After talk with Torre, Maddon has "adequate amount" of hope on protest
Rays manager Joe Maddon talked for five minutes this morning with MLB senior VP Joe Torre about Saturday's protest and came away knowing with "an adequate amount of hope" they will prevail.
"Typically, he listened well, and he just wants to get it right,'' Maddon said. "So it's not a dead issue yet. It's got to go through the process. He's willing to listen, so we'll present our case and see what happens.''
The first accomplishment Sunday was that Torre indicated to Maddon it was a valid protest, as there was some question if it would be allowed since there are not to be any involving replay.

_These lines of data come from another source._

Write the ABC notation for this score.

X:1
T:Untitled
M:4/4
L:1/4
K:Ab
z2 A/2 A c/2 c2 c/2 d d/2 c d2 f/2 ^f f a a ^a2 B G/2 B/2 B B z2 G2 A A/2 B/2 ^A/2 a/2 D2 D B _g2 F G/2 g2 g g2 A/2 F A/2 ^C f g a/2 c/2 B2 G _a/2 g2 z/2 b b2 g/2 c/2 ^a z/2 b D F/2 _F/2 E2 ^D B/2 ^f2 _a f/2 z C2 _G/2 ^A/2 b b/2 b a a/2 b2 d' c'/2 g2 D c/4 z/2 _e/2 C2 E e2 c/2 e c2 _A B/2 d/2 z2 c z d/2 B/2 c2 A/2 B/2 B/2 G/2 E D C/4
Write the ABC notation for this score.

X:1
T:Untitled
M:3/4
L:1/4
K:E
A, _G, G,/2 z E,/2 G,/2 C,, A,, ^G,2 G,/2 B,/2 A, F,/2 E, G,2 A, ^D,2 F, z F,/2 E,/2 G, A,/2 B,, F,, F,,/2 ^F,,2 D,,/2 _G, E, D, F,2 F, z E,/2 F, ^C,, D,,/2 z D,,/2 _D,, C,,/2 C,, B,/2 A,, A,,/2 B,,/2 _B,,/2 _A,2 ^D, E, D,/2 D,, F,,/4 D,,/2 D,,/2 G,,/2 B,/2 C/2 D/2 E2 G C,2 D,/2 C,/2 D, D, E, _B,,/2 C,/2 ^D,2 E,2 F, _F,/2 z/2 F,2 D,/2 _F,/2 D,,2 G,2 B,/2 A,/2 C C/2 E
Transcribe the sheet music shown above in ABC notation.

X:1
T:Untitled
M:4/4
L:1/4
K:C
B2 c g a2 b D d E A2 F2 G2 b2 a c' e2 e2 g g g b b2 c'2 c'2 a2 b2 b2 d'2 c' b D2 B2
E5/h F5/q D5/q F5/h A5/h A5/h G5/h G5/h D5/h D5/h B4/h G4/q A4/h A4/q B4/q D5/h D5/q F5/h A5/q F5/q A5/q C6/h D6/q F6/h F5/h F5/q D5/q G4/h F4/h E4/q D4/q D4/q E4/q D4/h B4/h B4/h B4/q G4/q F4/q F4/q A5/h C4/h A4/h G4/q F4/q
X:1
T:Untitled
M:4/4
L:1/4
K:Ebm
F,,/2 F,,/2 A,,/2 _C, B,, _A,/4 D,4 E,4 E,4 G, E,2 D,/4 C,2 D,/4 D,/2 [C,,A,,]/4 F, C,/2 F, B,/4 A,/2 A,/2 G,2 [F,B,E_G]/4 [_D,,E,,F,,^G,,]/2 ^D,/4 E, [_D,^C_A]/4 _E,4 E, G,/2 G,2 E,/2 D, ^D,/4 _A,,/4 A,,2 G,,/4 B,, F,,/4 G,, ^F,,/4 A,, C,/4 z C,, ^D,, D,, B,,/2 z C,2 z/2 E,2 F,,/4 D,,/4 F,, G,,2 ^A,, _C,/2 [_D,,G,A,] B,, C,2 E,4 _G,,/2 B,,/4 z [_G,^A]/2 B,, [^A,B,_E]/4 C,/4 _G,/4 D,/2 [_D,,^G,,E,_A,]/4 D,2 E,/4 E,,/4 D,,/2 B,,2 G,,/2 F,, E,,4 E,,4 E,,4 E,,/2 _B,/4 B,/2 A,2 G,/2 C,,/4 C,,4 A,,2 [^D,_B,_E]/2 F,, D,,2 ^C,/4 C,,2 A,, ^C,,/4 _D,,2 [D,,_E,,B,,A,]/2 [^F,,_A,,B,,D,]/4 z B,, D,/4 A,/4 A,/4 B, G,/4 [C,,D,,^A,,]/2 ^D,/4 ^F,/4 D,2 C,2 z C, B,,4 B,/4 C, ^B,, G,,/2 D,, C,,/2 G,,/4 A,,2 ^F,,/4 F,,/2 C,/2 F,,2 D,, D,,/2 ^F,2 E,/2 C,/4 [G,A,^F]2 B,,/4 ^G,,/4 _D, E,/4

But Maddon's point was that this issue involved umpiring crew chief Bob Davidson deciding to allow the use of replay too late, rather than the replay itself.
Maddon said Torre seemed "willing to listen" to the Rays case, which is that by the rules once Jays pitcher Mark Buehrle was on the mound and Rays hitter Yunel Escobar was in the box the mechanism to do a replay on the previous play was "locked.''
Thusly, Maddon said there is no wiggle room for the umpires to still allow the challenge even in the spirit of trying to get the call right. And Maddon said it was irrelevant that the call in question - Will Myers being picked off first - was ultimately overturned.
"There's nuance to that rule in some regard but to me the one part there's no nuance whatsoever, almost like the heart and soul or the crux of the system is pitcher on the rubber/batter in the box precludes anything else form happening,'' Maddon said. "You can't do anything else at that moment. That was the locking mechanism. So with that, there is no nuance set up for timing.''
Further, Maddon said, "It's tantamount to inadmissable evidence. It's no different than in a courtoom situation where if information is gotten illegally or inappropriately that you can't utilize it. So otherwise, take the rule out and put it in the garbage can.''
Maddon also said Davidson's claim, in comments to a pool reporter, that Toronto manager John Gibbons was slowly on his way out of the dugout, and that Escobar was not quite settled into the box, were not accurate.
"I hate to accuse anybody of dissembling, but I'm certain that was not the case,'' Maddon said.
Maddon said Torre asked him to "submit everything that went on yesterday from my perspective,' which he will do via email. Maddon said Torre did not give him a timeline for a decision, but it is expected to be in the next several days.
If the protest is upheld, the game - which the Rays lost 5-4 in 10 innings - would be replayed from the point of controversy, the top of the fourth inning, on. The Rays return to Toronto Sept. 12-15.